2007年05月23日

Be here now

 映画「男はつらいよ」にこんなエピソードがありました。
 とらやの面々が、ハワイ旅行に行くことになります。おいちゃんもおばちゃんも、みんな初めての海外旅行ですから、楽しみで仕方ありません。ご近所との世間話にも、ついついこれが自慢まじりに口に上りまして、見ているこちらは何だか嫌な予感がしてまいります。
 案の定、どういう訳でしたか、寅さんのうっかりが原因で、これがおじゃんとなってしまいます。
何しろ散々言いふらした後のことですから、さあ、どうしよう、こんなに恥ずかしいことはありません。
 で、結局どうしたのかといいますと、出発の日、とらや一同は予定通りに店を閉め、カーテンを閉じた暗い家の中、みんなで身を小さくし、息を潜めて過ごしたのです。
 それから後はお決まりでして、「お前のせいだっ」なんて喧嘩が始まり、寅さんも負けずにこれに応酬するものですから、ヒソヒソが一転、ドタバタとした展開に。
 店の中から聞こえてくる物騒な物音に、とらやはてっきりハワイ旅行に出掛けたと疑わないご近所連中が、泥棒でも入ったのではないかと騒ぎ出し、お仕舞いには警察まで駆けつける大騒動。
そこで、ガラリと扉がこじ開けられて、面々の、何ともバツの悪い苦笑い、そんなエピソードであります。

 どうしてこんな話を書きましたかというと、私、自称旅好きではありますが、改めて考えてみますと、旅に出ていたという証拠が今ひとつあいまいであります。
 土産を買ってくるでもなし、土地土地のお箸の袋を集めている訳でもない、たまに写真を撮ったといっても、肝心の自分の姿が写ったものなどは滅多にありません。
 ちょこちょこと、仕事を休みにしては、旅に出ます、なんて言っているが、実は暗い押入れの中で息を潜めて、旅雑誌でも読んでいるのではないか、なんて疑われても仕方がないような気がいたします。
 そもそも、「旅行」と言わずに「旅」なんて、気取った言葉を使うところからして、怪しい。
自分でもそう思うのですが、やはり旅は旅でして、旅行ではないのです、なんてしつこく言えば言うほど、怪しい。

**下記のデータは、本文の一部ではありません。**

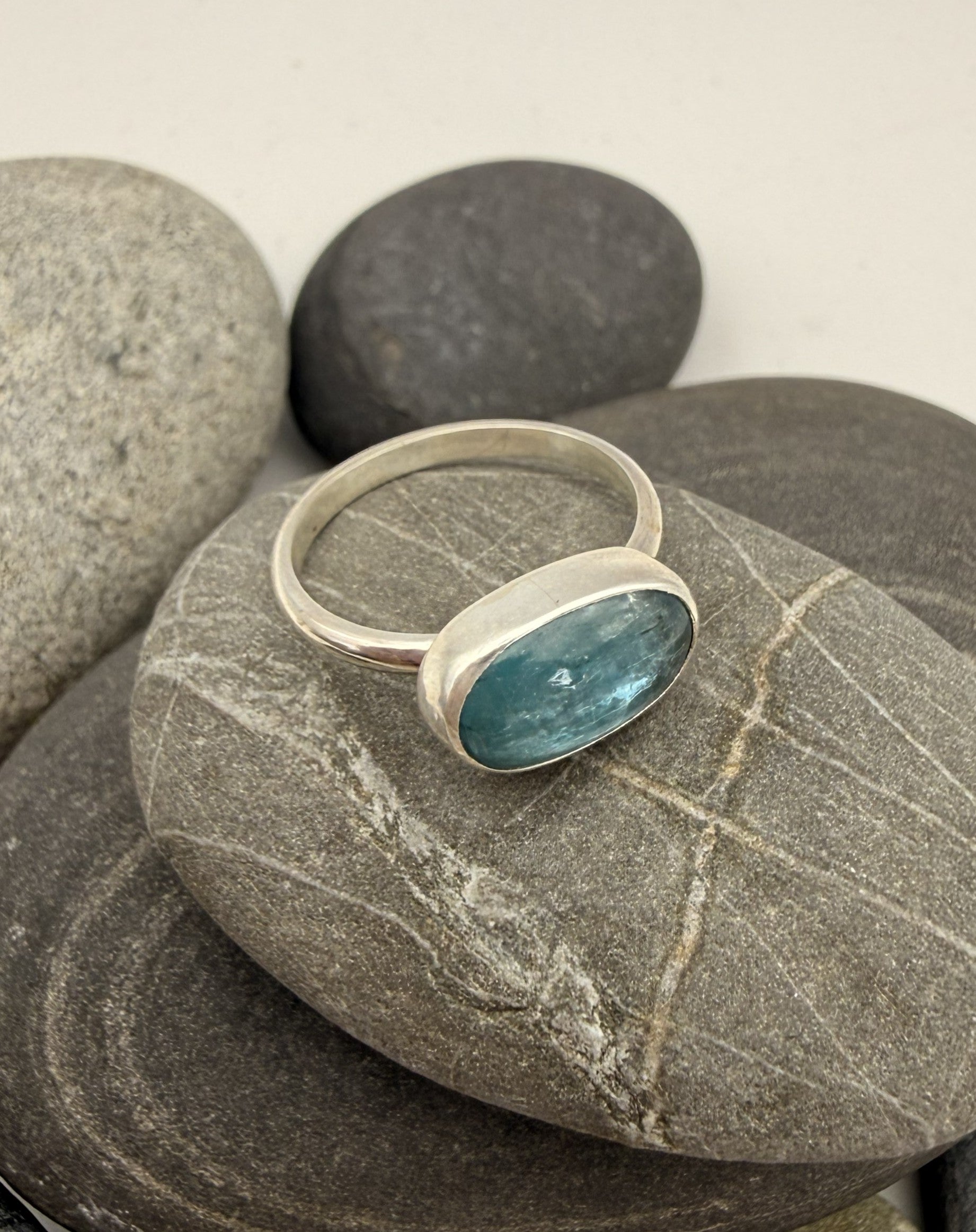 A silver ring with a bezel-set oval blue-green stone, displayed on smooth gray decorative stones against a light neutral background.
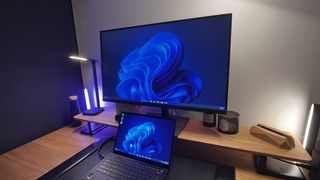 BenQ PD3205U Monitor in a low-lit home office with a laptop in front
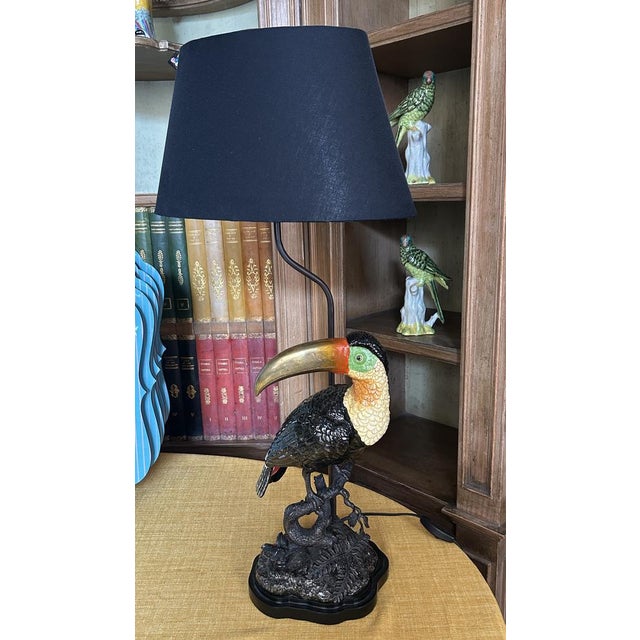Toucan Lamp in Bronze and Porcelain with Oval Lampshade by Gand & C, in New conditions. Designed from 2000 Stamped by...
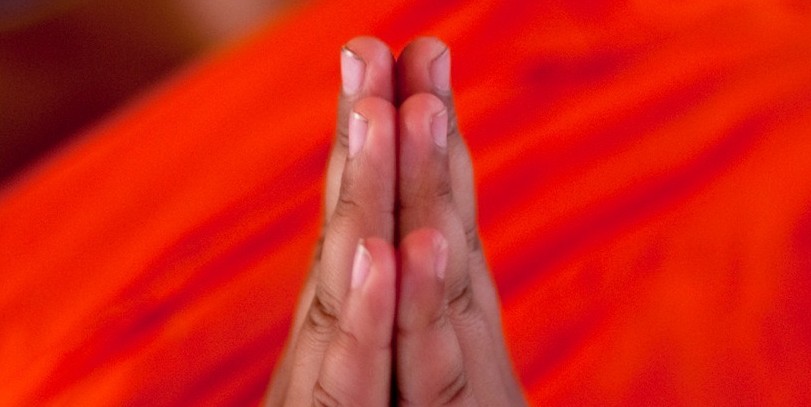 Praying_monk_-_Laos_1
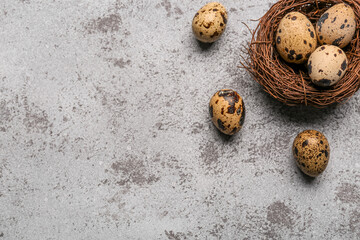 Nest with fresh quail eggs on grunge background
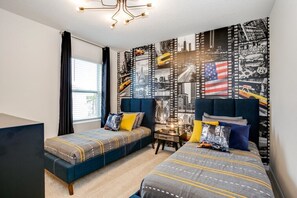 Een hotelkamer met twee bedden, een groot raam en een muur versierd met stadsbeelden in filmstrookstijl.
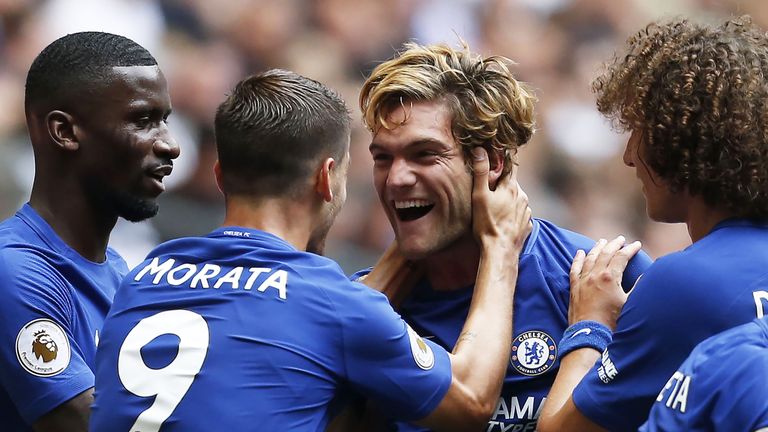 Marcos Alonso is congratulated by his Chelsea team-mates after opening the scoring at Wembley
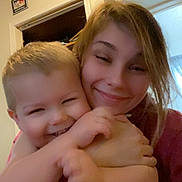 Thomas joined the competition — help win amazing prizes! affection, blond_hair, bonding, casual, child, closeup, cozy, face, family, happy, home, hug, indoor, love, people, portrait, smile, toddler, warmth, woman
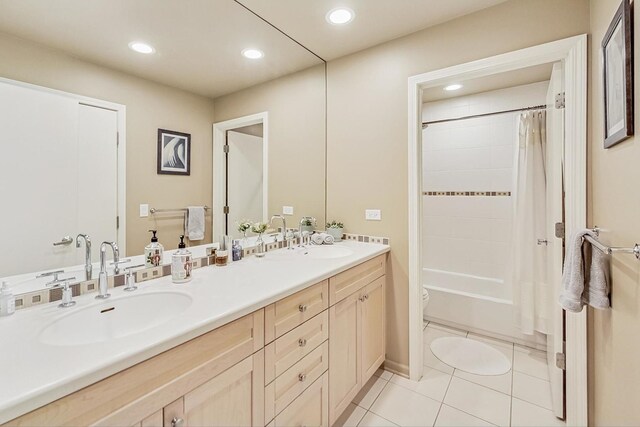 2020 Techny Rd, Northbrook, IL 60062 - full bath with a sink, toilet, recessed lighting, tile patterned flooring, and double vanity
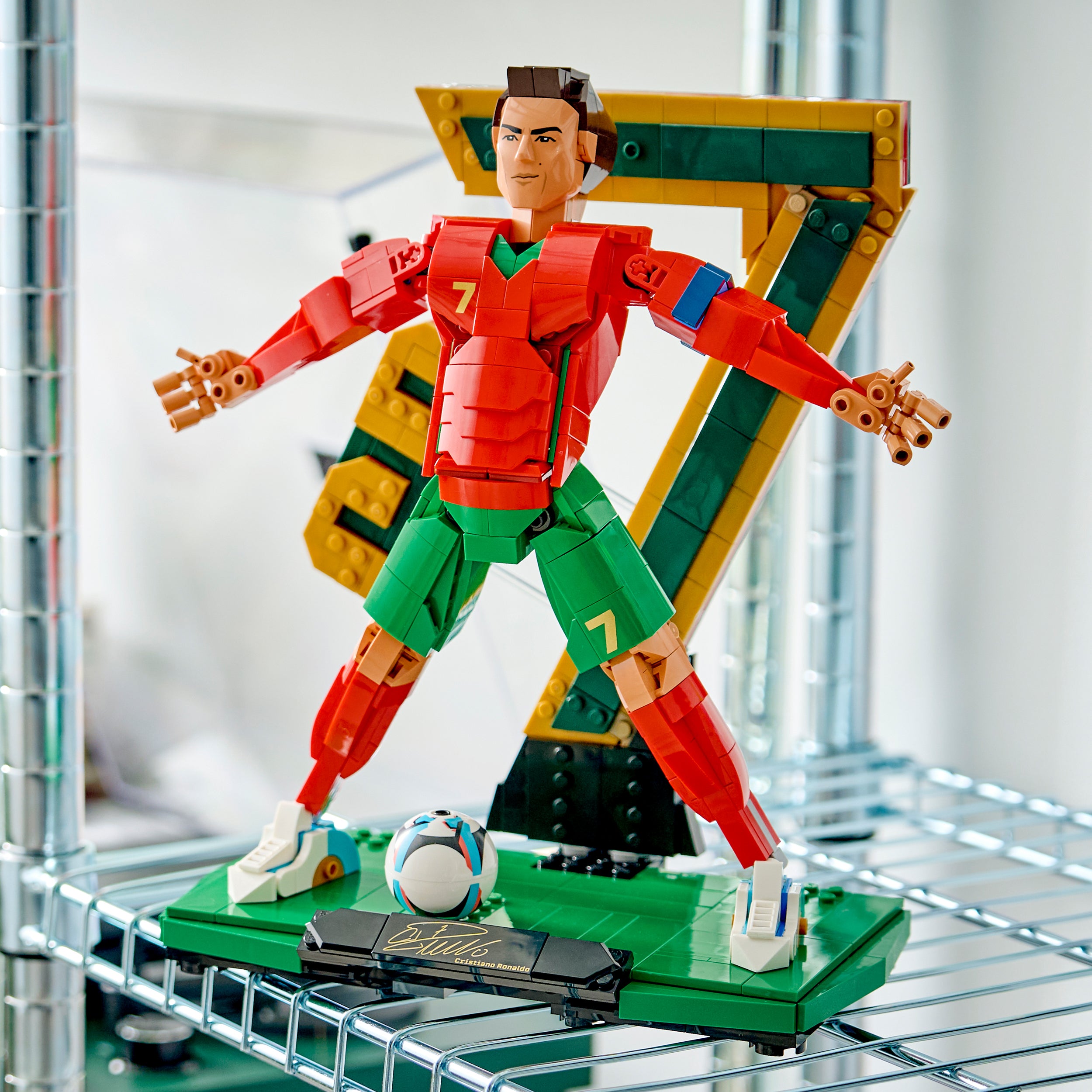 LEGO Figur eines Fußballspielers in rotem Trikot mit der Nummer 7 und grüner Hose steht mit gespreizten Armen auf grünem Sockel vor einer großen goldenen Zahl 7 aus LEGO Steinen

 あんまりこういうことを考えておりますと、その内、自分で自分が疑わしくなってまいります。
 旅から戻ると、ああ、夢を見ていたようだなぁ、なんて、いつでも思います。
さすがに、本当に夢だったのかな、と疑ったことはありませんが、これだって、いざまじめに疑ってみれば、夢ではなかったと言い切る自信もないようです。
 と、言いますのも、私、何事に関しましても非常に忘れっぽいタチでして、実際、以前訪れたことのある町に行きましても、自分が泊まった宿はおろか、その町並みさえも覚えていない、なんてことがしょっちゅうです。
 映画を見ても、本を読んでも、読んだ先から忘れてしまう。しかし、読んだことだけは覚えておりますから、人が集まって何かの時に、そんな話題になりますと、ついつい、ああ、読みましたよ、なんて言ってしまいます。
嘘じゃあありませんから、そう言って悪いこともありませんが、問題は、その内容をほとんど覚えていないことなのです。
読んだと言うくせに、その内容を知らない。ニヤニヤと、先程から相槌ばかり打っている。
相手の連中は、きっと私のことを、嘘つきか、下心のあるお追従と見て取るに違いない、そんな心配がいつでも頭をよぎります。
 人って、何かを成すよりも、成した記憶を大切にする、やはり高等動物なのです。

 悪く考えれば、脳軟化、よく言えば、Be here now。人間、今とここにしか生きられないという訳です。
まあ、それはどちらでも構いませんが、私の旅が、押入れの中の絵空事ではないことを、まずは自身に納得させるためにも、ひとつ、旅の写真を載せてみようかな、と思います。
 私、デジタルカメラを手に入れたのが最近のことですから、当然、こういうところに載せられる写真も最近のものしかありません。
 そういう限られた写真に関係した話となりますと、必然、限られたものとなってしまいますから、この際、話とはあまり関係のない写真を載せてみようかと思います。
 そうなりますと、これまでの話があまり意味を成さないような気もいたしますが、私、別段それを気にする所存もございません。